If we don’t see these people as individuals in this way we can be blinded to the darkness within our own individual souls that God is also mercifully and patiently trying to redeem and transform.
There are of course wonderful examples all around us of individuals showing compassion and mercy for other people who are weak and vulnerable no matter what group they belong to. This is a startling reminder that humanity is created in the image of God, so that capacity for compassion is very much a reality within every heart. And it is an observable fact that comforting and caring for someone who is suffering softens the human heart that is doing the caring.

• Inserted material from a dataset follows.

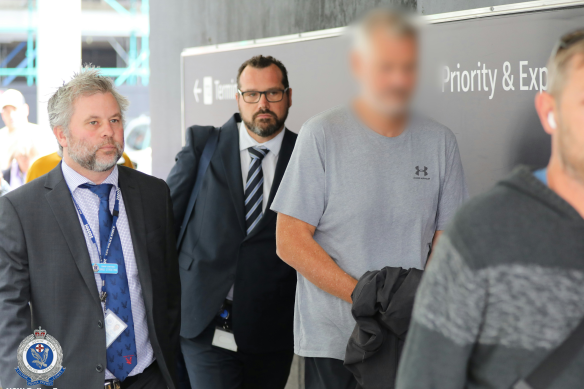 Toll, 55, in handcuffs at Kingsford Smith Airport on Thursday.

An even greater dimension of that kind of comfort and mercy is ours when we we receive an understanding and revelation of the powerful work of the Holy Spirit, the Comforter who lives within us. The Holy Spirit shows us the compassion that Jesus had for all of for us and that we can have for one another, thoughts of kindness and mercy.
The prophet Zechariah spoke to all of us through a prophecy to Israel about the heart of kindness and compassion we would receive when we would finally come to understand the Father’s heart of grief that he felt when he sent his only Son to die on the cross for us. Holy Spirit has carried that mercy and compassion from the Father to the Son and to us for one another.
Zechariah 12:10 And I will pour out on the house of David and the inhabitants of Jerusalem a spirit of grace and mercy, so that, when they look on him whom they have pierced, they shall mourn for him, as one mourns for an only child… and from that mourning will flow ‘a spirit of kindness and prayer’ and ‘a fountain of living waters will flow out from them’ (Zechariah 13:1; 14:8).”
WALKING HUMBLY WITH OUR GOD.
Just as Jesus showed a humble trust in committing all justice into the hands of his father against the threats and insults of his enemies, we see how King David also walked humbly with his God.
There is a story of King David which shows that he had an understanding of the balance between his status as a king, and humility. In 2Samuel 16:5 David is accosted by an aggressive person called Shimei. This man cursed David as he rode along, and threw stones at him, from a hillside opposite him, accusing him of being a man of blood, a murderer. David's companions, who were riding on his right and on his left hand side, wanted to take off Shimei's head, saying - 'why should this dead dog curse the king?'. But David showed a Godly restraint and humility and replied to his men along the lines of: 'If God has sent this man to tell me what I'm really like, then I cannot destroy him for that, and on the other hand, if God has not sent him, then God will deal with the matter and even repay me good for this cursing of me today.'
When we can have faith that humbly accepts that God is at work to show himself just and faithful and merciful on our behalf we find his grace to surrender the power of justice and judgment into his hands. We are mistaken to think that God could never be that generous with his amazing grace to actually bring perfect justice to bear for us. It takes a certain kind of humility to accept it, and not make it all about us and what we deserve. If we can receive that grace we can then live in peace and bring peace into our world.